Una calma sconvolgente, per noi uomini dello zapping: erano sul punto del collasso e sedevano a discutere pacatamente di filosofia della storia e del destino individuale degli uomini. Decisero che sì, il cristianesimo era non solo bellissimo e – parole loro – “grandioso!”, ma che conteneva la dottrina più profondamente aderente alle esigenze della natura umana che avessero mai incontrato. In altre parole, scoprirono che quella era la risposta alle loro domande.
Self-made Church
Senza porre tempo in mezzo, presero a viverla – così come avevano letto in quei libri. E quindi stabilirono le comunità, i presbiteri, approntarono luoghi dove celebrare i sacramenti… E ben presto si resero conto che forse il loro zelo li stava portando a eccedere un tantino: scrissero allora a Pechino (e poi a Roma) per avere un riconoscimento e delle istruzioni dall’autorità apostolica. Le lettere impiegavano molto tempo a fare quel viaggio pericoloso, e spesso anzi andavano perse: Roma non avrebbe saputo se non quasi cinquant’anni dopo, di quanto accadeva in Corea; nel frattempo da Pechino, dopo “soli” dieci anni di vita di quell’incredibile Chiesa locale, furono inviati dei sacerdoti che confortassero il popolo coi sacramenti. La comunità cresceva vertiginosamente, raggiungendo diverse migliaia di fedeli in pochi anni.
E immancabilmente arrivò la persecuzione: un cristiano osò interrompere il culto idolatrico agli antenati, affermando che le “tavolette sacre” erano in realtà “solo pezzi di legno” – e fu processato e trucidato.
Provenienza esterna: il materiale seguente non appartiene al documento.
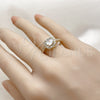 Anillo de Boda 01.283.0054.3 Oro Laminado, Diseño de Cluster, con Zirconia Cubica Blanca, Pulido, Tono Dorado (Talla Unica)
Era il 1801. Si scatenò la prima delle tre grandi persecuzioni nazionali, che in poco più di cento anni falciarono per il cielo una messe di diecimila martiri.
Fu Pio XI il primo a riconoscere parte di questi campioni della fede. Era il 1925. Nel 1968 fu Paolo VI a portarne altri alla gloria degli altari. Buon ultimo, Papa Francesco nel 2014 procedette a ulteriori riconoscimenti ecclesiali.
Nel frattempo quella Chiesa intimamente laicale aveva contribuito in modo decisivo alla diffusione della scrittura hangeul, il coreano semplificato, che ha permesso l’alfabetizzazione di vaste sezioni del popolo che fino ad allora non avrebbe avuto i mezzi e il tempo per imparare i complessi sistemi ideografici del cinese e dell’antico coreano. Non solo: a quell’incredibile Chiesa, ormai salda nell’organica composizione di chierici e laici, si deve pure la transizione dalla monarchia alla repubblica. Fu il cardinale Kim Suo-hwan, nel 1987, a proteggere nella cattedrale gli studenti che dimostravano contro l’insorta dittatura militare: «Dovrete passare sul mio corpo – disse il Cardinale –, prima di toccare quei ragazzi. E poi su quelli dei preti. E poi su quelli delle suore».
Una mostra da non perdere, in Vaticano
Questa storia di fede, di sangue, di storia e di gloria viene illustrata con dettaglio e delicatezza in una mostra gratuita allestita poche settimane fa a Roma, nei Musei Vaticani (più precisamente nel “Braccio di Carlo Magno”, cioè sotto la parte sinistra del Colonnato del Bernini, in Piazza San Pietro). La mostra celebra i 230 anni della Chiesa Cattolica in Corea: si esce da quel lungo corridoio domandandosi come si siano potute ignorare tante cose meravigliose per tutta la vita (le didascalie dell’audioguida – gratuita anche quella – sono succinte e compendiose), e ci si vergogna un poco di pensare che ai nostri giorni, dopo le Olimpiadi e dopo i Mondiali, il nome di quel Paese richiama alla mente solo le scellerate minacce nucleari del dittatore del Nord. Dunque un’occasione da non perdere.